RealCPU/docs at main · yuk1i/RealCPU

Name	Name	Last commit message	Last commit date
parent directory ..
README.assets	README.assets
README.md	README.md
interrupt.md	interrupt.md
signals.md	signals.md

CPU Features

Nearly complete MIPS32 Release 6 ISA support, without floating points and privileged instructions
five stages pipeline with 40M clock
Dedicated L1 32K Instrcution & 32K Data Cache
512K Main Memory
GCC cross-compile support

Support Instructions

Math: addi, addiu, slti, sltiu, andi, ori, xori, lui, sll, lsa, srl, sra, sllv, srlv, srav, add, addu, sub, subu, and, or, xor, nor, slt, sltu
Mul/Div: div, mod, divu, modu, mul, muh, mulu, muhu
Load/Store: lb, lh, lw, lbu, lhu, sb, sh, sw
Branch/Jump: j, jal,jr(jalr), jalr, beq, bne, blez, bgtz, REGIMMD: bltz, bgez, bal, nal
SPECIAL_Rop: selnez, seleqz
SPECIAL3: ins, ext, BSHFL: seb, seh
Cache Operation: sync 17, sync 16, sync 01
TODO:
1. SPECIAL3.BDHFL: bitswap, wsbh
2. PCREL: addiupc, aluipc, auipc, lwpc
3. SPECIAL2: ALIGN, CLO, CLZ

IO Devices Support

UART: 4K TX/RX FIFO, support send / receive in C code
24 switches & 24 leds
5 buttons and the keypad
Seven-segment display

CPU Design

Pipeline & Branch/Jump Implementation

The 5-stage pipeline is implemented exactly according to the textbook.

The Branch/Jump module is located in EX module to ensure right register data forwarding.
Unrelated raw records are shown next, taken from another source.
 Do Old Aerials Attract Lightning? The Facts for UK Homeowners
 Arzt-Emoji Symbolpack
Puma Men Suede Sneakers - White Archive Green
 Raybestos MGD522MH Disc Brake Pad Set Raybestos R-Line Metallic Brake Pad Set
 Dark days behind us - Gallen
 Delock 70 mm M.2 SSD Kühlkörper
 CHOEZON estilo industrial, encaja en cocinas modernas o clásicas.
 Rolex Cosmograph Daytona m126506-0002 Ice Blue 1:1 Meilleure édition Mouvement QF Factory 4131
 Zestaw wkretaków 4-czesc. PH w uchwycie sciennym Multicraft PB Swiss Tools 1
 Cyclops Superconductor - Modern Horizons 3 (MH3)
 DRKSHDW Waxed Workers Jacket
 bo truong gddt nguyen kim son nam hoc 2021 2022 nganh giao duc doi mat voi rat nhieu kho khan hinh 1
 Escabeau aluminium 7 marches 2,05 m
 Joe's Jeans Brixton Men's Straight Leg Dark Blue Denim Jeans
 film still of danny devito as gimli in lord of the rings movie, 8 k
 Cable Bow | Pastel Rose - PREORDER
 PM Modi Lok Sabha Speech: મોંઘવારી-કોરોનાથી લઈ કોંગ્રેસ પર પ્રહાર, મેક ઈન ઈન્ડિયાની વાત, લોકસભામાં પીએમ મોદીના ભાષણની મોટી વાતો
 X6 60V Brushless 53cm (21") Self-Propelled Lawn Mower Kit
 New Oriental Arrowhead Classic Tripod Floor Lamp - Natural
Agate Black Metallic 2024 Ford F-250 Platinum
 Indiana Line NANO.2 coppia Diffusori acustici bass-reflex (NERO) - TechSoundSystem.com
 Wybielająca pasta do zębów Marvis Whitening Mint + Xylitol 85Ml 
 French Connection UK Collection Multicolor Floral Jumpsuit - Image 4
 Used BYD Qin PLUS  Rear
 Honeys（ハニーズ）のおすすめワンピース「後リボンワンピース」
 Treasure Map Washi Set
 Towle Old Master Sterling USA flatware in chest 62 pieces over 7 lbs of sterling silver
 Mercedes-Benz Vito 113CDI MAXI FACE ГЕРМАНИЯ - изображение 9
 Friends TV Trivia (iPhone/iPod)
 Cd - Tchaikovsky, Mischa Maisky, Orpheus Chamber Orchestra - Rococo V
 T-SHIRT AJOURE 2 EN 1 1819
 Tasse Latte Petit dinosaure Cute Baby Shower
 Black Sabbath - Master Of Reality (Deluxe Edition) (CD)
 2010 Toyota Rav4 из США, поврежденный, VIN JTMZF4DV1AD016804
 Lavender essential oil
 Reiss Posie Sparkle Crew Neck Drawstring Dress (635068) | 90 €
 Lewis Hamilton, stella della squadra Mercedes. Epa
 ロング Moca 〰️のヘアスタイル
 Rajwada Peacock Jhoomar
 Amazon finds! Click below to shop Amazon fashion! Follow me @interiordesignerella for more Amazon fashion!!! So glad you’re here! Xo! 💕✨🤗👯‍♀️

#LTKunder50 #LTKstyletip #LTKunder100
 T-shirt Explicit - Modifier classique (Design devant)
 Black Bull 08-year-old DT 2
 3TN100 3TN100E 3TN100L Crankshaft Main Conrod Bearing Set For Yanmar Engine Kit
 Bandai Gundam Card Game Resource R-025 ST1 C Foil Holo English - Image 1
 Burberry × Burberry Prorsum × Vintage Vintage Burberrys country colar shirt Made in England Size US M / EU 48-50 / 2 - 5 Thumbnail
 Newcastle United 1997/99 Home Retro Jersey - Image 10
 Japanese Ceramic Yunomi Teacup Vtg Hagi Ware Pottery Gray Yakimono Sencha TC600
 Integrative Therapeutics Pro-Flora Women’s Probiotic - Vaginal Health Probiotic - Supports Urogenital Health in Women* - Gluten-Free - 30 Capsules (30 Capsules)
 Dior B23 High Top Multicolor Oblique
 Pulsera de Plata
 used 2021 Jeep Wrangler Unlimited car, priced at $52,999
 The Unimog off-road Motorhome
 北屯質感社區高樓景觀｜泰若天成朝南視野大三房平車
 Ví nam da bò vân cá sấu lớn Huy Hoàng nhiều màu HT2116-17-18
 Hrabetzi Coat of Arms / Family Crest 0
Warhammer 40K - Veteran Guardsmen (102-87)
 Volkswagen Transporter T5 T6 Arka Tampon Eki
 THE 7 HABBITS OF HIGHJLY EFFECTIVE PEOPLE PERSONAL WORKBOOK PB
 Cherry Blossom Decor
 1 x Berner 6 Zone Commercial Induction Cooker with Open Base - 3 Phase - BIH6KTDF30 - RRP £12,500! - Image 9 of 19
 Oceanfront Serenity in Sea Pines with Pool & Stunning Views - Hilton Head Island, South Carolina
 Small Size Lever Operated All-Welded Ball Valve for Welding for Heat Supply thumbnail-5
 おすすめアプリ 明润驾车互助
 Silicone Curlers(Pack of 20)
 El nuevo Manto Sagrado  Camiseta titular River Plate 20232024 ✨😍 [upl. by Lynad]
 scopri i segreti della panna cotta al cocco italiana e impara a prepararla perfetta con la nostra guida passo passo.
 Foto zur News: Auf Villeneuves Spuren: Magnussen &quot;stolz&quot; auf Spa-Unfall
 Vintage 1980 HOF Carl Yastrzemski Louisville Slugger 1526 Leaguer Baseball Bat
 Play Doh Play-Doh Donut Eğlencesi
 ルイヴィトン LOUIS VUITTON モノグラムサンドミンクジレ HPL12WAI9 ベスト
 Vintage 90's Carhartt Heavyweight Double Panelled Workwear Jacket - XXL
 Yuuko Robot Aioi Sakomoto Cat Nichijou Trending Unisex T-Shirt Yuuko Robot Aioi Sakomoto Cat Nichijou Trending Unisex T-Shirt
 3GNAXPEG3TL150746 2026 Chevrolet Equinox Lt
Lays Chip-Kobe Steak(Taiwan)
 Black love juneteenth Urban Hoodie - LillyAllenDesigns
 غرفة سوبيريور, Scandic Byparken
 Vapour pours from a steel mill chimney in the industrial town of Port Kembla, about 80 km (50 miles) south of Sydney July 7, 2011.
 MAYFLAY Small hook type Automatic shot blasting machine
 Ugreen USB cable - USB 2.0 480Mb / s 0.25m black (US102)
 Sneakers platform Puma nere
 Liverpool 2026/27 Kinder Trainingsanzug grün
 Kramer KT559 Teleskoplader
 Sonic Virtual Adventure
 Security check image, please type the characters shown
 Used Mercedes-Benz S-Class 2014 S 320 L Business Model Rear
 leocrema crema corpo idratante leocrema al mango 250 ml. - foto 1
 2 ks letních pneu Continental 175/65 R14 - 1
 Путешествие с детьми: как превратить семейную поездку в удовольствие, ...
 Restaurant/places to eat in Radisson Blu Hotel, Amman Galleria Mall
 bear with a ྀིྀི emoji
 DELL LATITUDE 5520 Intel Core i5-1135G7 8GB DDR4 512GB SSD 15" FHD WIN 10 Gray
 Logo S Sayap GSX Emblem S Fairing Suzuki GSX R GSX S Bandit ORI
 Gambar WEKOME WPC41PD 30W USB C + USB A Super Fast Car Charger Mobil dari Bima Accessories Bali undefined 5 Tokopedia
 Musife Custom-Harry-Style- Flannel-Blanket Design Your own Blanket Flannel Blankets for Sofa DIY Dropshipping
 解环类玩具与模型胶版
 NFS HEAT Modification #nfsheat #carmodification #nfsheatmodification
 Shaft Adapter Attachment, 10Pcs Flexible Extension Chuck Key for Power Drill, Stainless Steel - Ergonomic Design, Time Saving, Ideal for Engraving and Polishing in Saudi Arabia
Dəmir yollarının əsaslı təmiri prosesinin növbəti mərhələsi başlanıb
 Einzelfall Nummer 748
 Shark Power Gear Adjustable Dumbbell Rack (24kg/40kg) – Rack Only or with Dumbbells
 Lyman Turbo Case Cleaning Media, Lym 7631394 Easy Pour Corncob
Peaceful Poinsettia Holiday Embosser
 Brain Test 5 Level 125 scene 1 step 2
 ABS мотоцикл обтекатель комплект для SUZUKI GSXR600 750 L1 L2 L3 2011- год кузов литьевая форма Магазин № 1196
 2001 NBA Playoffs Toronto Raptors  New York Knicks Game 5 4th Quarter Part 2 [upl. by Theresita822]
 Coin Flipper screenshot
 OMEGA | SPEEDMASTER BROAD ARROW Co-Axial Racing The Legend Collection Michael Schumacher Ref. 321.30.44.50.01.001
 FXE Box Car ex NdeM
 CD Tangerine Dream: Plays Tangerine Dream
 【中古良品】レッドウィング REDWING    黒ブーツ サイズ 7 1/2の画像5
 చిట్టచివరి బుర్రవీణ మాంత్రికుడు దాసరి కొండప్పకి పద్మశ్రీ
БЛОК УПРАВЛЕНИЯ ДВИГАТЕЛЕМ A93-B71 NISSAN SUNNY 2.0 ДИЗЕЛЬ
Thanks to the branch delay slot, every instruction after a branch/jump operation is always nop to fill ID stage, which significant reduces the difficulty of implementation.

When Branch/Jump instruction is moved to EX module, the jump_address and do_jump is calculated and sent to PC register, PC register will check them at negedge and update its value to correct execution flow.

The pipeline status is:

First posedge: [PC IF] [ID nop] [EX jump]
First negedge and next posege: [PC-do_jump IF] [ID jump_target_inst] [EX nop]

L1D / L1I Design & Implementation

L1D/L1I is designed as 32KiB Direct-Mapped Cache. L1D supports switching between Write-Back mode and Write-Through mode.

The stall signal from L1I/L1D must be pulled up after posedge before negedge, when cache miss or MMIO request occurs. (which is a significant design error that limits the CPU frequency.)

Xillinx Block RAM & Distributed RAM

The Xillinx Block RAM supports three Memory Type: Single Port, Simple Dual Port, (Real) Dual Port.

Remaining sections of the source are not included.